I scream out my sufferings

until my throat is raw

the wind is chafing me

sand, skin, sweat

all one song

I would take a picture

but cannot capture the silence, pain

****

When you ask if I want to fuck

do you mean do I want your fingers in me?

do I want you to run your hands down my body?

moan softly while you finger me?

curl my toes while you lick my clit?

do I want you to spread my lips?

suck my tits?

when you ask me if I want to fuck

do you mean do I want you to put your penis in me?

let you fuck me missionary style? doggie style?

do I want to suck you off? Jerk you off?

watch porn while we do it?

make porn?

when you ask if I want to fuck

do you mean do I want to bring you to an orgasm?

let you come in me?

come with you?

lay my head on your chest afterward and let you stroke my hair?

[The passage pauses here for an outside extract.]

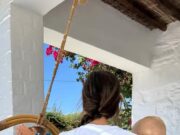 Στην Πάρο βάφτισε τον γιο της η Εριέττα Κούρκουλου | Τα χρήματα από το μυστήριο στα παιδιά της Γάζας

ask if it was as good for you

as it was for me?

run my fingers down your stomach?

proclaim my love?

when you ask if I want to fuck does it occur to you

that I'll be thinking about him while we fuck?

that I'll close my eyes?

that my stomach will churn?

that I'll have nightmares? flashbacks?

that I've fallen in love with another man?

that things aren't the way they used to be?

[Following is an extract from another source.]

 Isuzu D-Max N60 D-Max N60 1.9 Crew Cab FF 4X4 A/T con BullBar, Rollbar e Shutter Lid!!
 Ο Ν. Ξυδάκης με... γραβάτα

that maybe butterflies too,

fly away

because after all, people are butterflies

papillion

****

I had a dream you worked at Taco Bell

you had to wear a visor

it made you look ugly

I dreamed we stepped over bodies

of a woman - tall, thin, well dressed

scorning us for being in unauthorized area

I dreamed you got soup and I got half a sandwich

you ate up all the meat

you could, it was good chili

I kissed you and you smelled of old fish

but I still loved you

****

it is too raw, this beaded emotion

that courses through our bloodied veins

dimly lit bars and alleys you always warn me of

I have begun to stray too far

stomach twisting

my eyes droop, still open

phone rings jarring my thoughts

into blood clots

razor slips, slits

****

pleated copies of Cosmo

are worn through

fingerprint indentations waterlogged

alongside the index

****

This seems to be all I have left, this tattered box of memories lying - contents strewn - on the floor. I wanted something more but I cannot find it and I'm tired of looking. They say that we aren't supposed to give up, but I don't know what else to do. Sometimes - too often - I wonder if you take me for an idiot. I am not as far-gone as you would like to pretend. I still know what's going on around me, I just choose not to participate anymore. When they ask, tell them I got tired. No one will ask anyway, what does it matter to make up excuses no one will hear?

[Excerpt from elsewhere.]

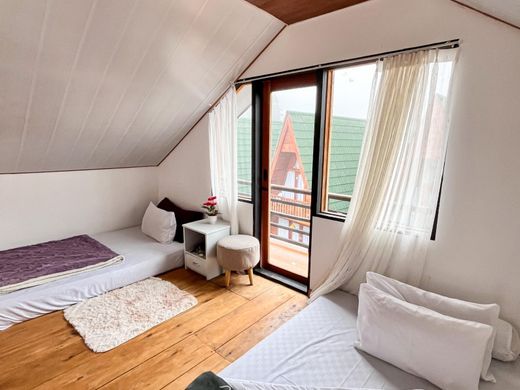 Cabin dinda 2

This, this is stupid. You, ignoring me, me playing the idiot. I'm tired of being the benefactor to all your games.

****

I'm tired of getting up every day, tired of getting online, tired of going out, tired of sleeping, tired of being awake, tired of eating (because sometimes I feel like a stomach with legs), tired of thinking (because it plagues me), tired of being alone (because no matter how much everyone tries to convince me I'm not, I really am), tired of being the only one, tired of waiting for something better to come along, tired of sex (not that I'm getting much), tired of masturbation, penetration, tired of making up songs that all suck, tired of looking in the mirror and seeing myself, tired of writing undeliverable letters to you, tired of being here (without any real desire to go elsewhere), tired of reading writings from people I will never know, listening to CDs that remind me of you, feeling like shit ("it's become so obvious, you're so oblivious to yourself"). Not so tired of razorblades.

****

Hours pass without my consent. I keep recording them. 9:23 Wednesday. Reading the book I stole from your house. You won't notice. You don't live there anymore.